Quite some time ago, I became the beneficiary of natural dyes that had been abandoned at, or gifted to, my Guild. Among them were some very old looking bags of dried lichen. I was appalled by this discovery, to be honest. Lichens are slow growing, increasingly threatened, complex organisms. I hear they are plentiful in some parts of the world but I am not living in one of those parts. People far more articulate and knowledgeable than I am on this subject, such as India Flint, have explained why harvesting these plants for dye is not a good idea. However, clearly there was a point in the past when these lichens were harvested and it is too late to make that unhappen. So I have done some research into the lichens that have labels on them. Some of them are so old they have imperial labels on them rather than metric labels. Wikipedia says Australia began metrication of weights and measures in 1971. So you know what I’m saying.
I decided to start with some of the lichens whose labels suggested they should be treated using the boiling water method. The simplest, and the one achievable in winter. First, a soak in rain water. Coral lichen above and Sticta Colensi below. I gave them a 24 hour soak in rain water, and then started the heating. Then there was straining out. Then a contest between dye baths on the go. In the end I decided that since Karen Casselman’s book on lichen dyes pretty clearly recommends long processing, perhaps this was a dye that could spend some time wrapped in a blanket to stay warm between heatings.

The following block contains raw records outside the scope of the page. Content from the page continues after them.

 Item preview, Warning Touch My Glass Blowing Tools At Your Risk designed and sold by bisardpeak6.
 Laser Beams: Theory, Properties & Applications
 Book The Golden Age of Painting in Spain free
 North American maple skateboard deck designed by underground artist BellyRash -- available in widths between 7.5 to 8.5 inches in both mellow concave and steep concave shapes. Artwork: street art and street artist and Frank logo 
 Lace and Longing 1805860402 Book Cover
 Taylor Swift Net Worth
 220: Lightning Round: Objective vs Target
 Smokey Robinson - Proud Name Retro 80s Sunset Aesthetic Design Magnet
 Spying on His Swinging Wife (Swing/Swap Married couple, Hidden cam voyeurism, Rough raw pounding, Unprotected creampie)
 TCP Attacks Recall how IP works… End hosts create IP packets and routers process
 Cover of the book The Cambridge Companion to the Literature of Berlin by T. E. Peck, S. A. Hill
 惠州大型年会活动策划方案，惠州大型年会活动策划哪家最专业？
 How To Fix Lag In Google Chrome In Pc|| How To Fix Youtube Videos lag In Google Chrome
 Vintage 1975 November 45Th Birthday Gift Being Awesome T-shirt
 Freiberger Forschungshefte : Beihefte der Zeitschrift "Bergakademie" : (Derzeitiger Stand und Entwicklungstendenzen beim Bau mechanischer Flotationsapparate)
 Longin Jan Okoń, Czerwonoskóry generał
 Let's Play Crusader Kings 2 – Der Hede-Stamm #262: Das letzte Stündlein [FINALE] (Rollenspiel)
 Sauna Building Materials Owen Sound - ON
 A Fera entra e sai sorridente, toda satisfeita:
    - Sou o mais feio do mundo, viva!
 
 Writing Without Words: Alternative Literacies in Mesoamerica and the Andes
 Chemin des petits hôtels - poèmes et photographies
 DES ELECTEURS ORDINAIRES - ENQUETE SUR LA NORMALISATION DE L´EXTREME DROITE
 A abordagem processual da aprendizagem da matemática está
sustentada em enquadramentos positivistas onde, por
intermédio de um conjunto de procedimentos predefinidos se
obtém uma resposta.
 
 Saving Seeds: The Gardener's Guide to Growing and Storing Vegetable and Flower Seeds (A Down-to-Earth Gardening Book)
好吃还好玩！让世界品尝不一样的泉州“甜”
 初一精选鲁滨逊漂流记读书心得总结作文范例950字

The whole time I was working on these two dyes I was thinking about why anyone would harvest lichens to get the colours suggested on the labels which say things like ‘boiling gives gold’ and ‘boiling gives pale olive green’ or even ‘boiling gives warm beige’. And the outcome: Sticta Colensi is the yellow on the left. Coral lichen pale brown on the right. So now we know. Leave them where you find them, my friends. There are faster growing ways of achieving these colours.